On ne voit décidément pas tous les mêmes choses. Là où la critique presse a vu un "éblouissant" film féministe, et applaudi des deux mains un désir d'émancipation, de libération du patriarcat dans le personnage féminin de Banel, moi j'y ai juste vu de l'égoïsme et un terrible manque de solidarité. Ce que les critiques appellent "patriarcat" est tout simplement la vie dure d'un petit village africain, où il faut se serrer les coudes, où les règles ancestrales, sans doute dépassées, sont malgré tout, faute de mieux, nécessaires à la cohésion et à la survie du groupe. Il n'est pas temps de penser à soi quand la famille est en danger. Dans ce film, les femmes n'ont pas vraiment leur mot à dire, certes, mais la conditions des hommes n'est pas forcément très enviable (travail aux champs, responsabilités écrasantes. Les rôles sont distribués et cette société, qui n'est pas idéale, OK, est bon an mal an stable. Banel voudrait vivre sa vie à elle, avec son mari, et s'affranchir de la loi commune et des coutumes. Le reste ne l'intéresse pas. Que son village et les siens souffrent, que la sécheresse, le manque de pluie mette en péril les cultures et tue les vaches l'indiffèrent.
Son mari, d'abord comme elle, aspirant à une certaine liberté, finalement renoncera en comprenant que son devoir est d'être là, parmi les siens, et endossera les responsabilités dont il voulait lui aussi, comme elle, s'affranchir.
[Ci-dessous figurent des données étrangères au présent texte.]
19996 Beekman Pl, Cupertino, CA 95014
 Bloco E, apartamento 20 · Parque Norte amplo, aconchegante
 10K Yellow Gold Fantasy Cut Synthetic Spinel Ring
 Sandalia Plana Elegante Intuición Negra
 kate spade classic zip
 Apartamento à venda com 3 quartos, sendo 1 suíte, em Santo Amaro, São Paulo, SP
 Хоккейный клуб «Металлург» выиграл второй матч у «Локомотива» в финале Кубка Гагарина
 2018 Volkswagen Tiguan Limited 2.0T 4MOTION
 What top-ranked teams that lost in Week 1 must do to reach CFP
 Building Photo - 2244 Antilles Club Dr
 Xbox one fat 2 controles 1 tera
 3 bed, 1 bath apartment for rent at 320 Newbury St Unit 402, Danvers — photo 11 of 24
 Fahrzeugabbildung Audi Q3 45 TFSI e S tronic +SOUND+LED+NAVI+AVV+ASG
Sa prise de conscience est belle, émouvante, et elle est tout sauf une abdication ou une résignation : c'est de la maturité, de la sagesse.
Elle, aveuglée comme une ado dans ses rêves infantiles, semble ne rien voir, ne rien comprendre au drame qui se noue autour d'elle. Murée dans son égoïsme, elle en finit par être antipathique. Pour moi, le féminisme, ce n'est pas ça.
La vie du village est magnifiquement filmée. Les images sont absolument superbes.